(Short descriptive text snippets)
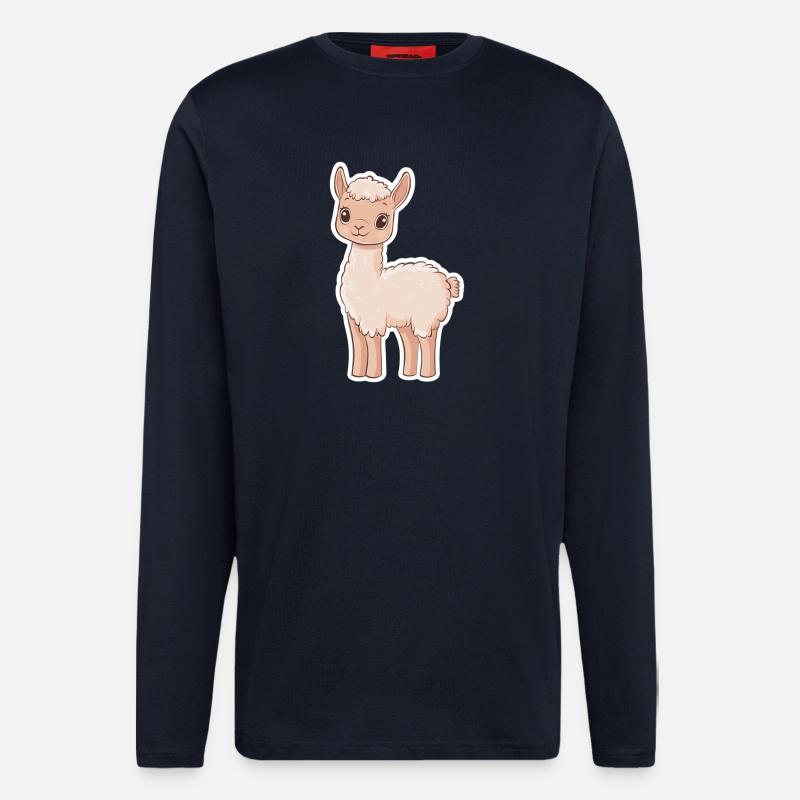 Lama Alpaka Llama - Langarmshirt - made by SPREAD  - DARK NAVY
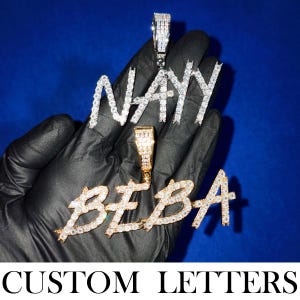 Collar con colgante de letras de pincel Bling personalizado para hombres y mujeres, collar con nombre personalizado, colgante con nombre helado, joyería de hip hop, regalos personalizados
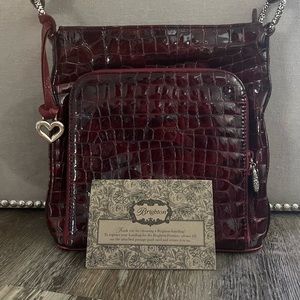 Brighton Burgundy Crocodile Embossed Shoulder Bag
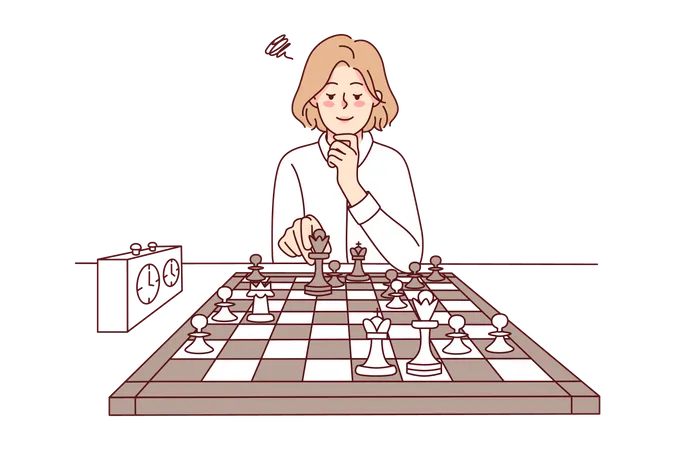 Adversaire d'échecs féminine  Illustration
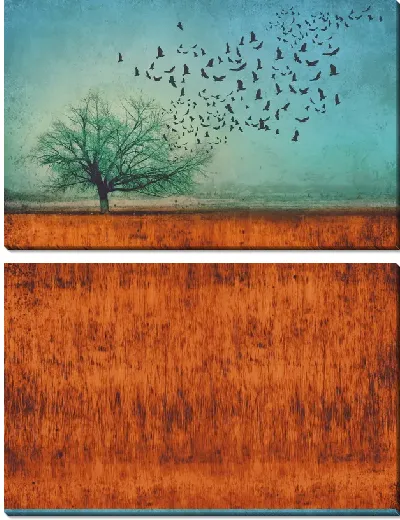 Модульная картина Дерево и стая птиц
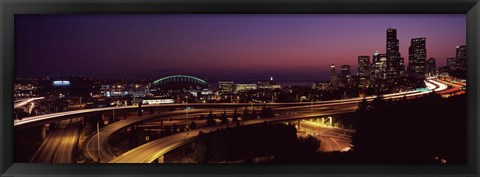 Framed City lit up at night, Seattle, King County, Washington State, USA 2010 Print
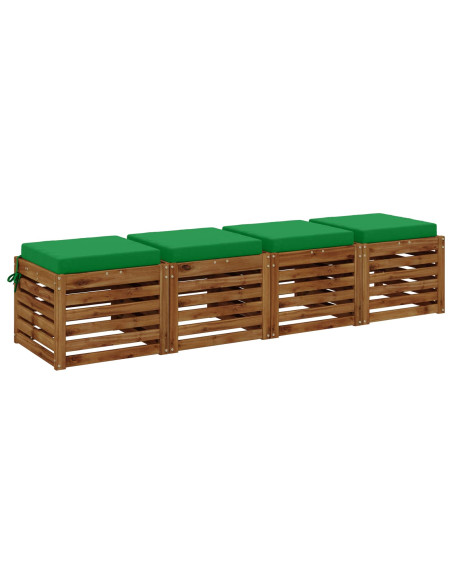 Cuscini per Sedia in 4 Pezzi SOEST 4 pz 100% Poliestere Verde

#### Problem statement
Please return only the lines running from the line with "Adversaire d'échecs féminine" to the final line of the data, both included, exactly and without any pictures.

#### Task solution
 Adversaire d'échecs féminine  Illustration
 Модульная картина Дерево и стая птиц
 Framed City lit up at night, Seattle, King County, Washington State, USA 2010 Print
 Cuscini per Sedia in 4 Pezzi SOEST 4 pz 100% Poliestere Verde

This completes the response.